═══ RECORDS SHOWN ═══

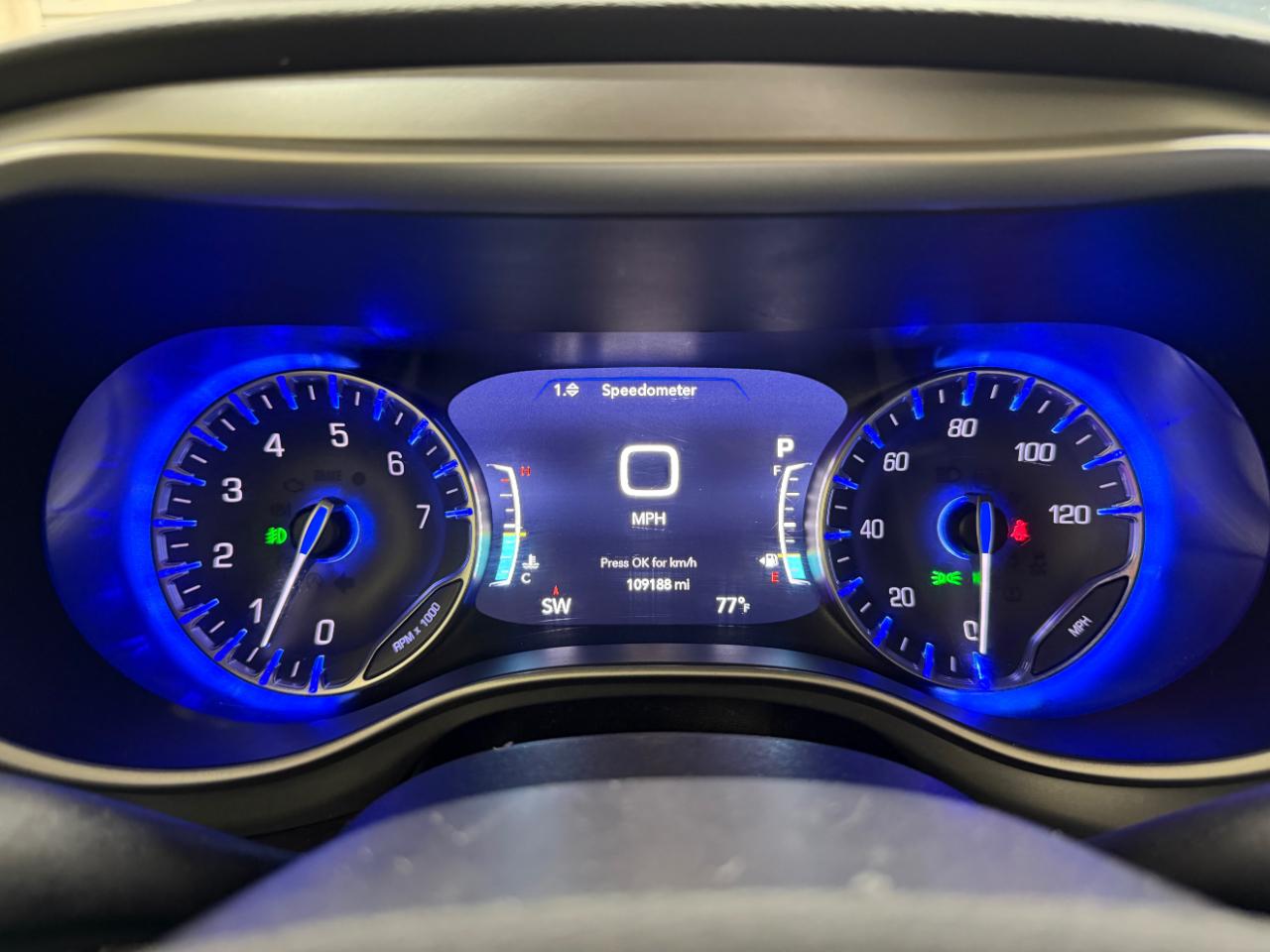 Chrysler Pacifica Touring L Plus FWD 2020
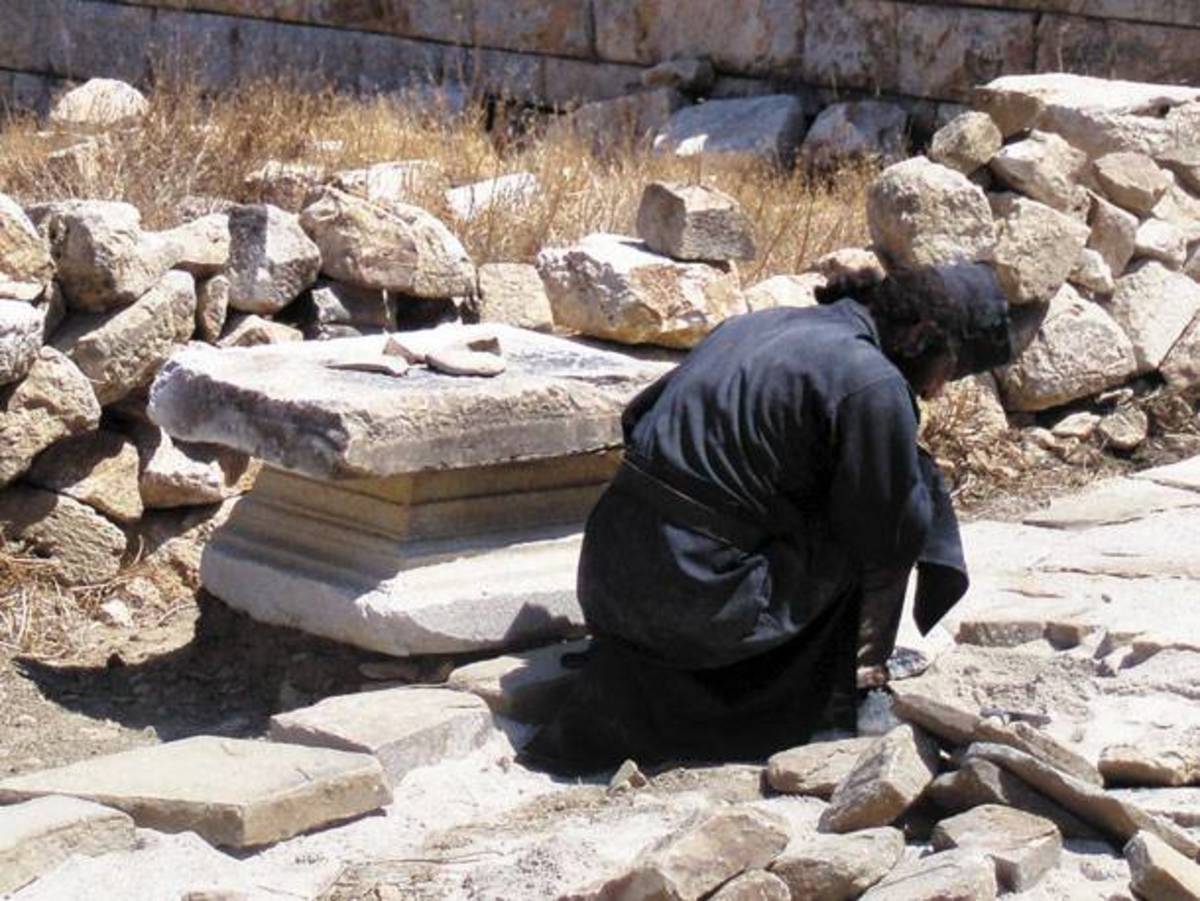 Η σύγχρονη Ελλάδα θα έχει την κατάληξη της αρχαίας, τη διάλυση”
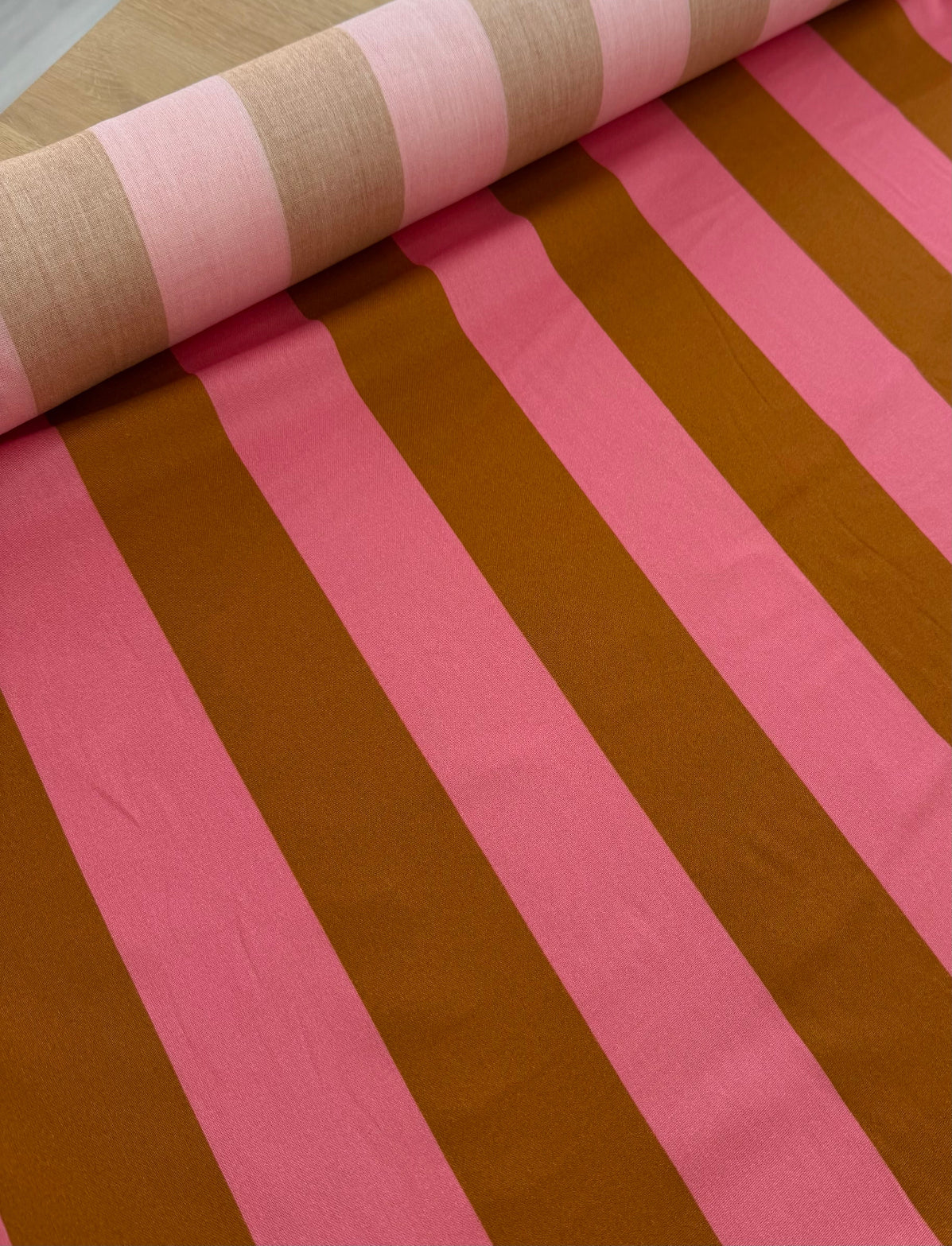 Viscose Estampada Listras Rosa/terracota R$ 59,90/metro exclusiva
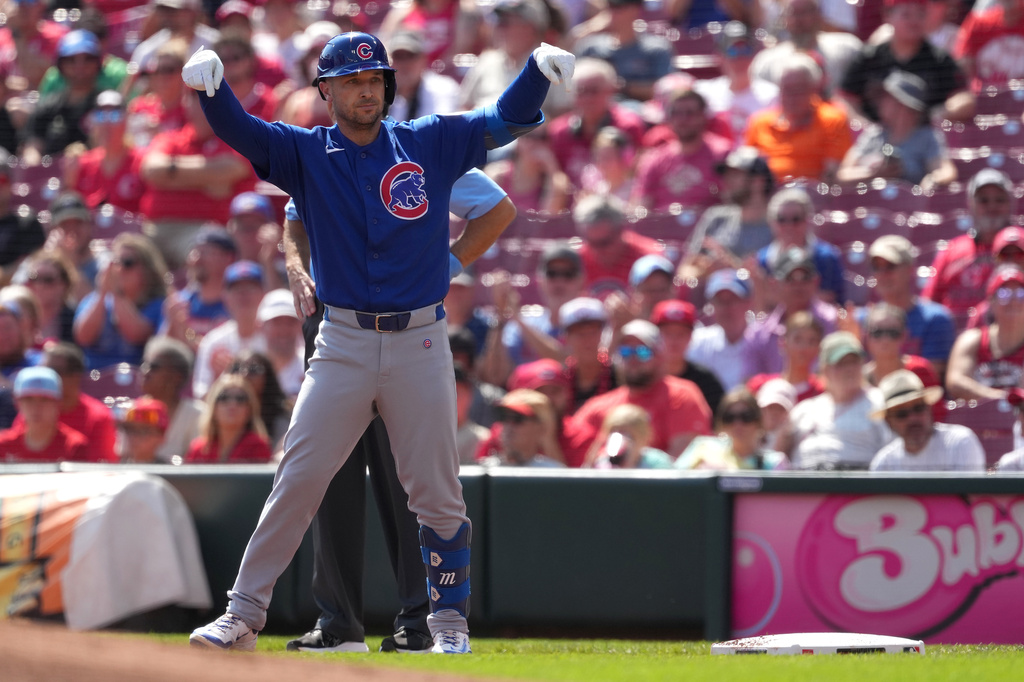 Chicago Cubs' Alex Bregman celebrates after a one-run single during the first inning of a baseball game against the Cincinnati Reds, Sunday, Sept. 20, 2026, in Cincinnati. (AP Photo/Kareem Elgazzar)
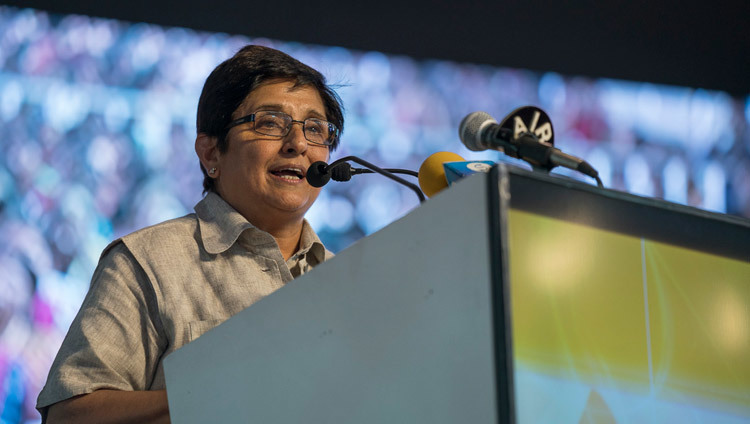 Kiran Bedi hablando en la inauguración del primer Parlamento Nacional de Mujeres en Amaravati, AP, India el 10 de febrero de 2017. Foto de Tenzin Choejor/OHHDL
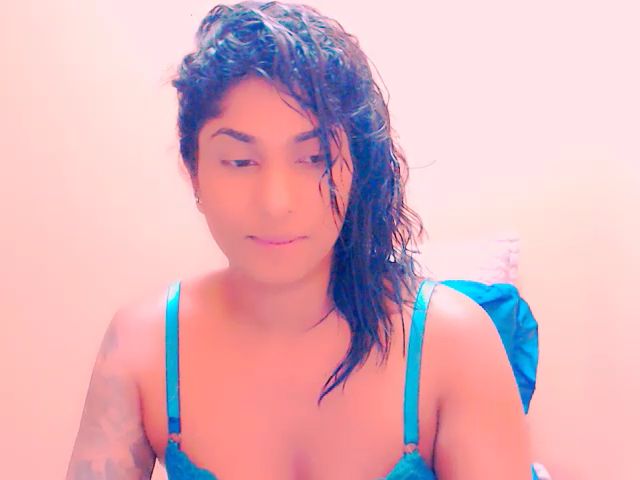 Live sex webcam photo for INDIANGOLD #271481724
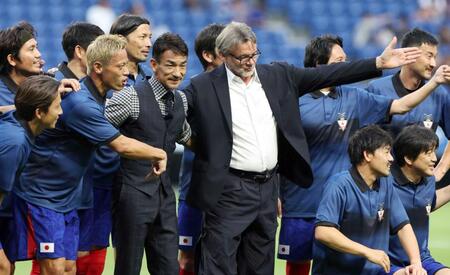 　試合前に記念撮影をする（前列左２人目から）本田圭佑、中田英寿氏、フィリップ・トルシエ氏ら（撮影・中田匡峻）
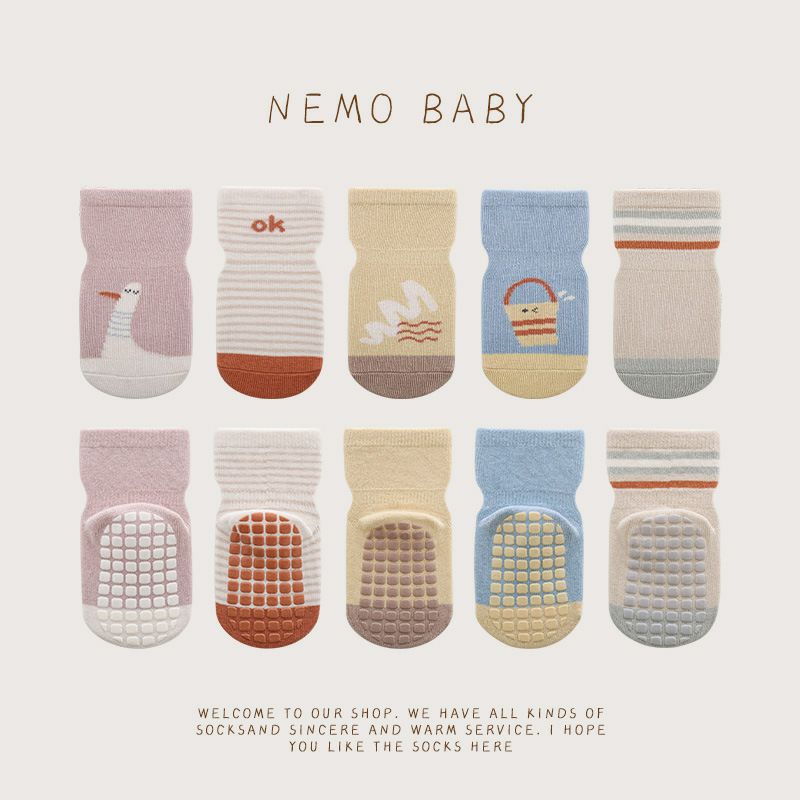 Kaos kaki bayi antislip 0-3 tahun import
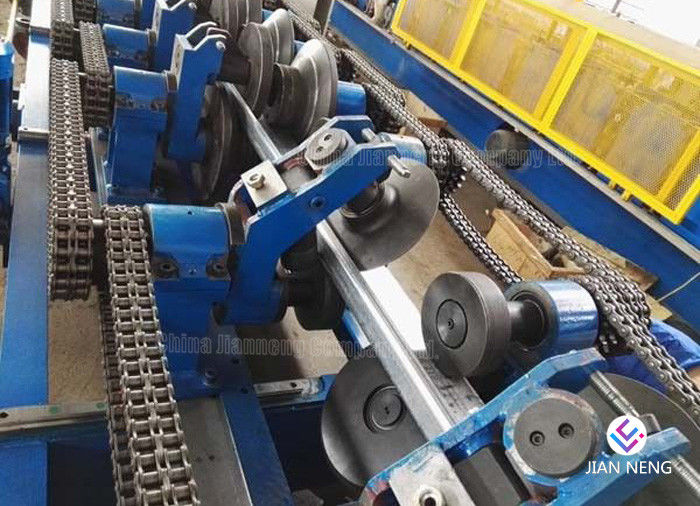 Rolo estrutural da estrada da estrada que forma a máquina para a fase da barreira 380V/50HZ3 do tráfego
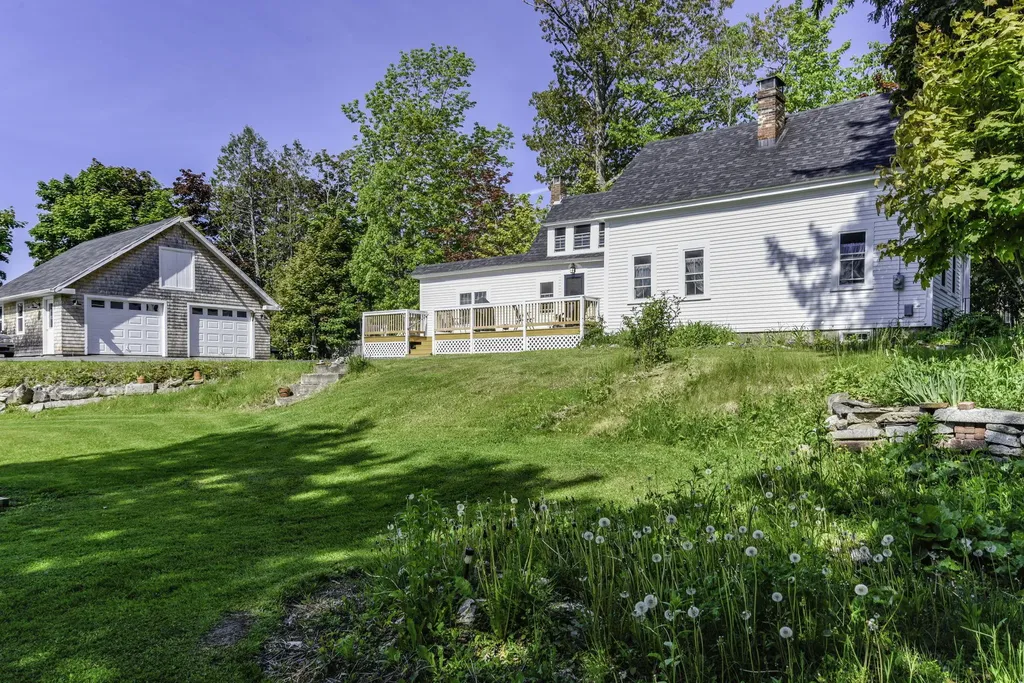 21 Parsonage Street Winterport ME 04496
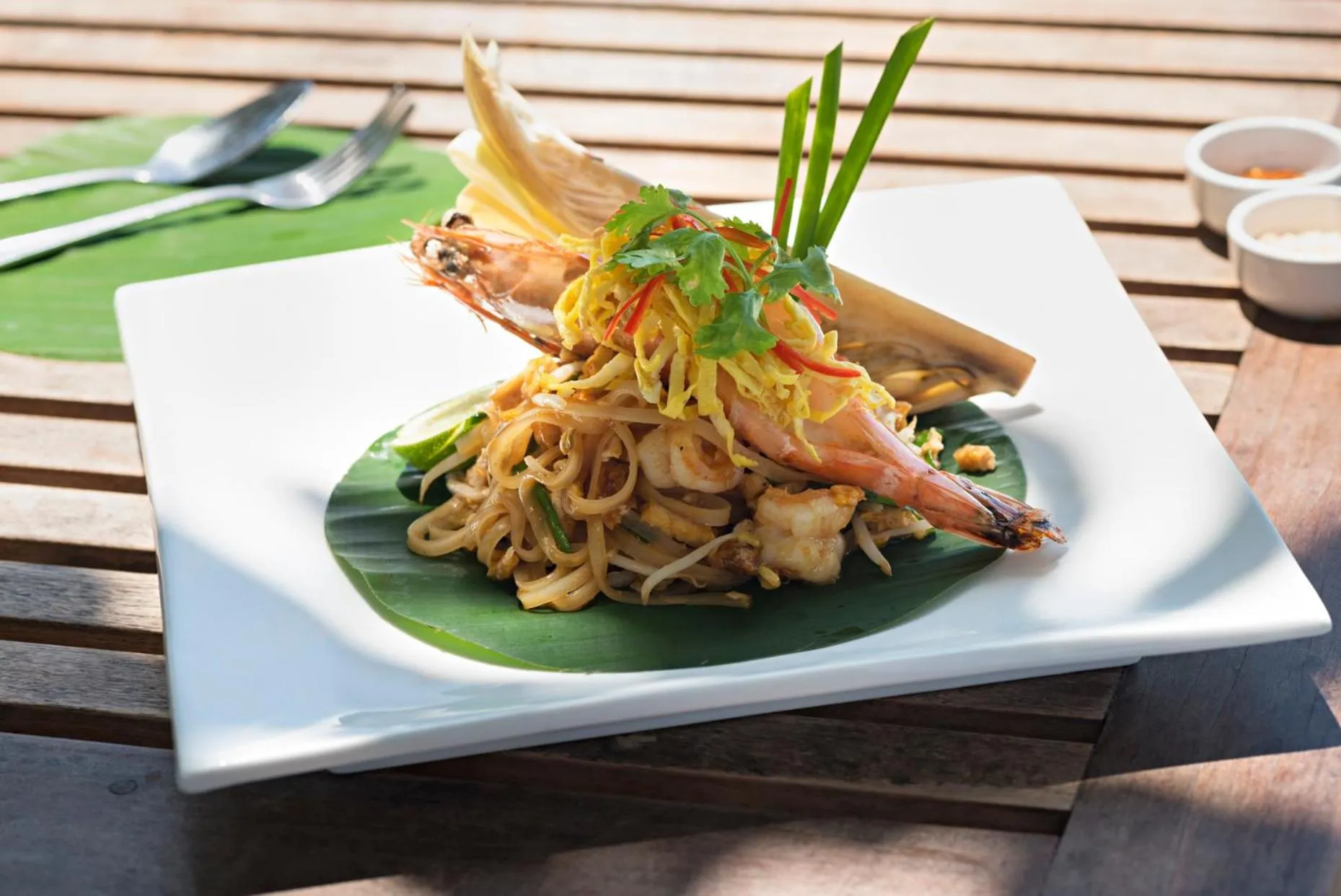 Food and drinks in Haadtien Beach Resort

═══

The line that contains "試合前に記念撮影をする（前列" opens the part to copy, and the last line of the records closes it; set down those lines exactly, pictures excluded.

*ANSWER TO THE EXERCISE:*
 　試合前に記念撮影をする（前列左２人目から）本田圭佑、中田英寿氏、フィリップ・トルシエ氏ら（撮影・中田匡峻）
 Kaos kaki bayi antislip 0-3 tahun import
 Rolo estrutural da estrada da estrada que forma a máquina para a fase da barreira 380V/50HZ3 do tráfego
 21 Parsonage Street Winterport ME 04496
 Food and drinks in Haadtien Beach Resort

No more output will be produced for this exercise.